_TASK BRIEF_
Exclude the pictures, then repeat exactly each line from the one containing "SheHopes Beautiful Day" to the final line of the records that follow.

Short web captions:
□ □ □

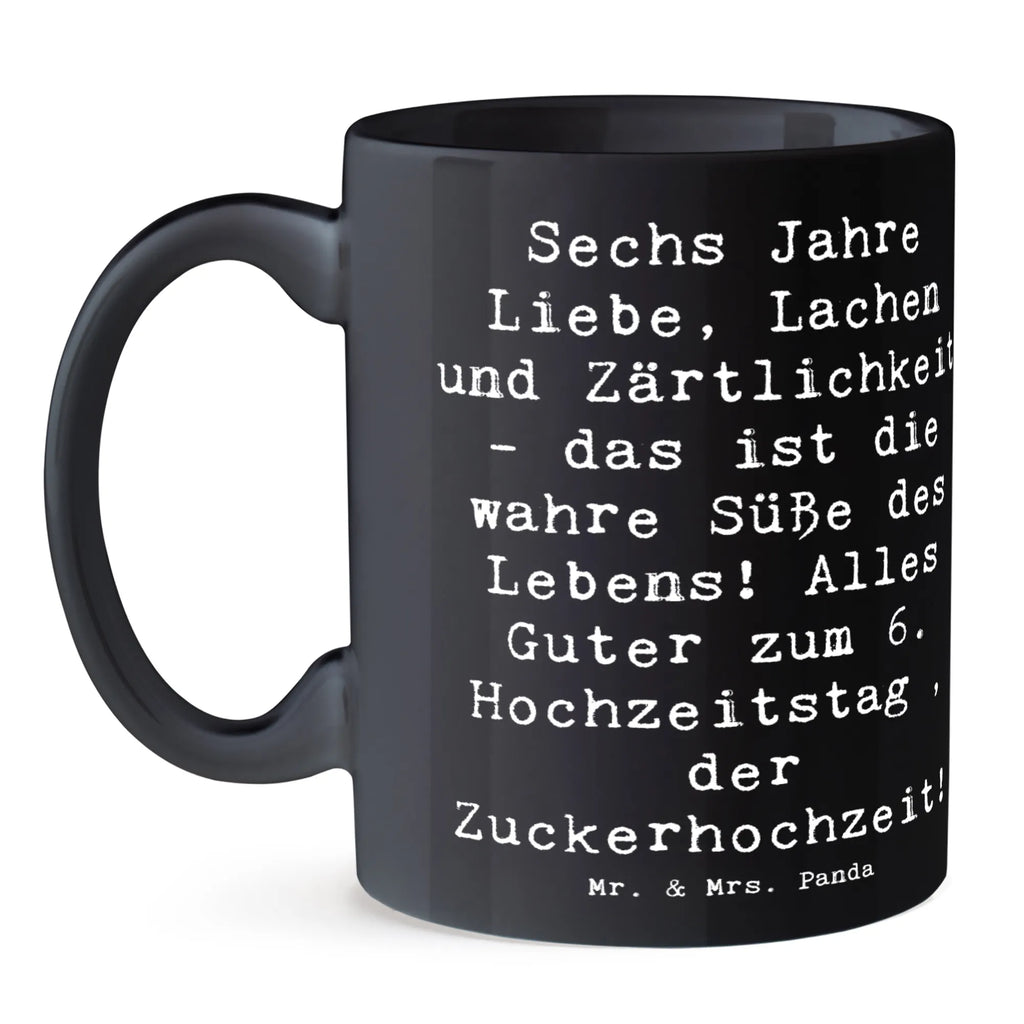 Tasse Spruch 6. Hochzeitstag Zuckerhochzeit Tasse, Kaffeetasse, Teetasse, Becher, Kaffeebecher, Teebecher, Keramiktasse, Porzellantasse, Büro Tasse, Geschenk Tasse, Tasse Sprüche, Tasse Motive, Kaffeetassen, Tasse bedrucken, Designer Tasse, Cappuccino Tassen, Schöne Teetassen, Hochzeit, Hochzeitsgeschenk, Ehe, Hochzeitsfeier, Trauung, Trauungsgeschenk, Hochzeitskarte, Verlobungsfeier, Verlobungsgeschenk, Hochzeitsgeschenkideen, Hochzeitsgeschenke für Brautpaar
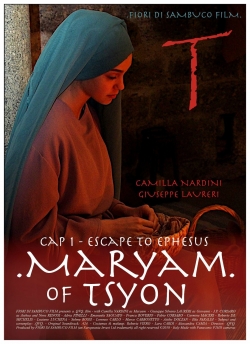 watch free Maryam of Tsyon - Cap 1 Escape to Ephesus hd online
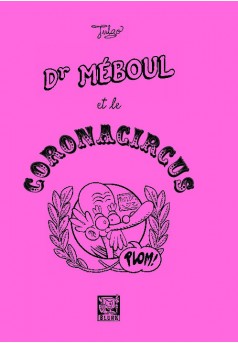 Dr Méboul et le Coronacircus - VERSION CARTONNÉE - Couverture de livre auto édité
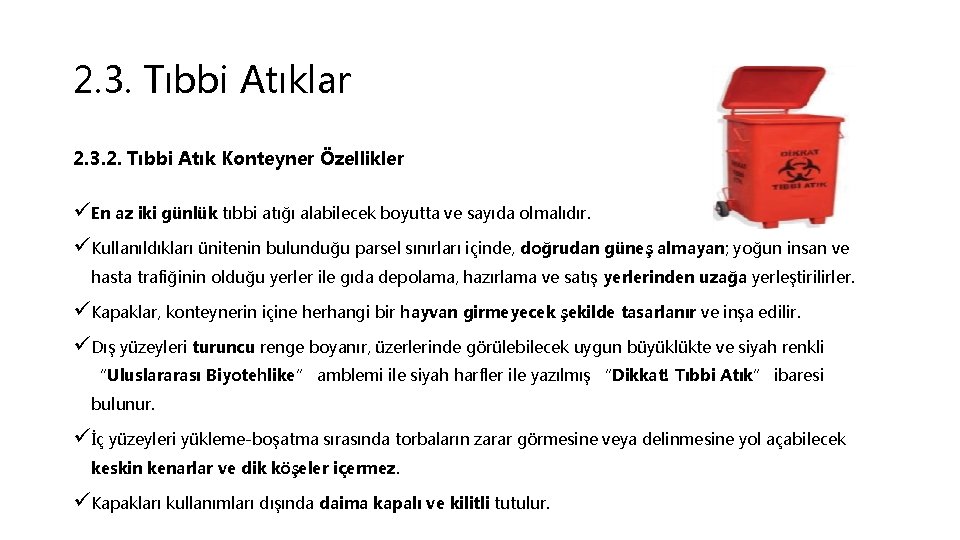 2. 3. Tıbbi Atıklar 2. 3. 2. Tıbbi Atık Konteyner Özellikler ü En az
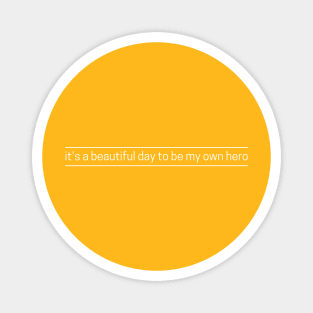 SheHopes Beautiful Day Hero quote in white Magnet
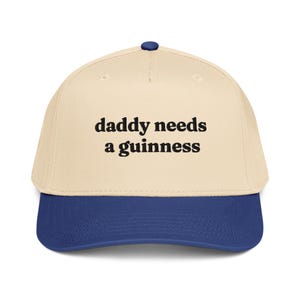 Daddy Needs a Guinness Embroidered Baseball Cap, Snapback Hat For Beer Lovers Husband Boyfriend Gift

□ □ □

_OUTPUT FOR THIS EXERCISE_
 SheHopes Beautiful Day Hero quote in white Magnet
 Daddy Needs a Guinness Embroidered Baseball Cap, Snapback Hat For Beer Lovers Husband Boyfriend Gift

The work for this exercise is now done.